Dit kunnen door de NZa vastgestelde zorgactiviteiten zijn, maar ook zorgactiviteiten
die door een instelling zelf aangemaakt zijn.
-
Kostprijs:
De kosten in verband met het verrichten van bepaalde zorgactiviteiten of zorgproducten
waarbij de toerekening plaatsvindt conform het kostprijsmodel als beschreven in de
beleidsregel ‘Kostprijsmodel zorgproducten medisch-specialistische zorg’.
-
Labelsystematiek:
De labelsystematiek bestaat uit acht te onderscheiden patiëntgebonden labels. Per
label zijn variabelen bepaald die van toepassing kunnen zijn op een patiënt; valt
een patiënt onder een van deze labels, dan is sprake van een topreferente patiënt.
-
Onderlinge dienstverlening:
Het leveren van zorg als (onderdeel van een) dbc-zorgproduct door één of meerdere
instellingen of medisch specialisten (niet zijnde de hoofdbehandelaar) op verzoek
van de hoofdbehandelaar.
-
Overige zorgproducten (ozp):
De los declarabele prestaties binnen de medisch-specialistische zorg, niet zijnde
dbc-zorgproducten.
-
Specialist:
Medisch specialist die als zodanig is ingeschreven bij de Registratiecommissie Geneeskundig
Specialisten van de KNMG.
-
Specialist in loondienst:
De specialist die op basis van een arbeidsovereenkomst werkzaam is bij een instelling
voor medisch-specialistische zorg.
-
Specialist niet in loondienst:
De specialist die op basis van een mondelinge of schriftelijke overeenkomst, niet
zijnde een arbeidsovereenkomst, werkzaamheden in verband met het leveren van medisch-specialistische
zorg verricht in opdracht van of namens een instelling voor medisch-specialistische
zorg.
-
Topreferente patiënt:
Patiënt die topreferente zorg ontvangt.
-
Topreferente zorg:
Zeer specialistische patiëntenzorg die:
-
• gepaard gaat met bijzondere diagnostiek en behandeling waarvoor geen doorverwijzing
meer mogelijk is;
-
• een infrastructuur vereist waarbinnen vele disciplines op het hoogste deskundigheidsniveau
samenwerken; en
-
• is gekoppeld aan fundamenteel patiëntgericht onderzoek.
-
Totale zorgproductie:
De totale zorgproductie van een zorginstelling bestaande uit alle gedeclareerde zorgproducten
binnen zowel het gereguleerde als het vrije segment binnen een bepaalde periode.
-
Variabel deel BBAZ:
Deel van de beschikbaarheidbijdrage dat de meerkosten van de behandelde academische
patiënten dekt.
-
Vaste deel BBAZ:
Deel van de beschikbaarheidbijdrage dat de kosten dekt voor het in stand houden van
de kennis en infrastructuur voor het continu kunnen leveren van topreferente zorg.
-
Vrij segment:
Het geheel van prestaties waarvoor vrije tarieven als bedoeld in artikel 50, eerste lid, onderdeel a, Wmg, gelden.
-
Zorgactiviteit:
De zorgactiviteiten zijn de bouwstenen van het dbc-zorgproduct en vormen gezamenlijk
het profiel van een dbc-zorgproduct. Ze bepalen in combinatie met het geregistreerde
subtraject welke prestatie is geleverd en welke dbc-zorgproduct kan worden gedeclareerd.
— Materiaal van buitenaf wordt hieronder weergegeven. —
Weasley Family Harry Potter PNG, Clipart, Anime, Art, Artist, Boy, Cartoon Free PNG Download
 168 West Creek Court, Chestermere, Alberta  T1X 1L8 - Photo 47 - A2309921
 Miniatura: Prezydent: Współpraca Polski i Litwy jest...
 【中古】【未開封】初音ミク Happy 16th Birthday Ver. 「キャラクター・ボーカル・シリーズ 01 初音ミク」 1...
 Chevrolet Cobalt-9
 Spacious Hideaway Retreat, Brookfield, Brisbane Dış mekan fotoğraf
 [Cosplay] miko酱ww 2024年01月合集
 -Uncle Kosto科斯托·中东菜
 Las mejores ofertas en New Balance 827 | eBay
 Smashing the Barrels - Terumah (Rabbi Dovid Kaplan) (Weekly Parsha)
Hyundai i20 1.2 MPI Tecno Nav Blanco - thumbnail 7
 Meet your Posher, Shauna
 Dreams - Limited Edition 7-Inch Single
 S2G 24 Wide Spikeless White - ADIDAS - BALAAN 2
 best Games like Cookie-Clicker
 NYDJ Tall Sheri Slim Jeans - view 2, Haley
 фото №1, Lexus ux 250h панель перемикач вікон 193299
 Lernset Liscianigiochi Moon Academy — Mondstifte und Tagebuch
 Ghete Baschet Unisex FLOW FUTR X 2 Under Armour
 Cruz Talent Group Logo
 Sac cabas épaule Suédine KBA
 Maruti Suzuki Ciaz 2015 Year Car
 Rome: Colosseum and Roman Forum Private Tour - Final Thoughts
Daarnaast vormt de onderverdeling in zorgactiviteiten de basis voor overige zorgproducten.
-
Zorgproduct:
Een aanduiding van prestaties binnen de medisch specialistisch zorg. Zorgproducten
zijn onderverdeeld in dbc-zorgproducten en overige zorgproducten.
-
Zorgprofiel:
Alle geregistreerde zorgactiviteiten binnen een dbc-zorgproduct.
-
Zwevende verrichting:
Zorgactiviteiten die uitgevoerd zijn, maar die niet gekoppeld zijn aan een dbc-zorgproduct.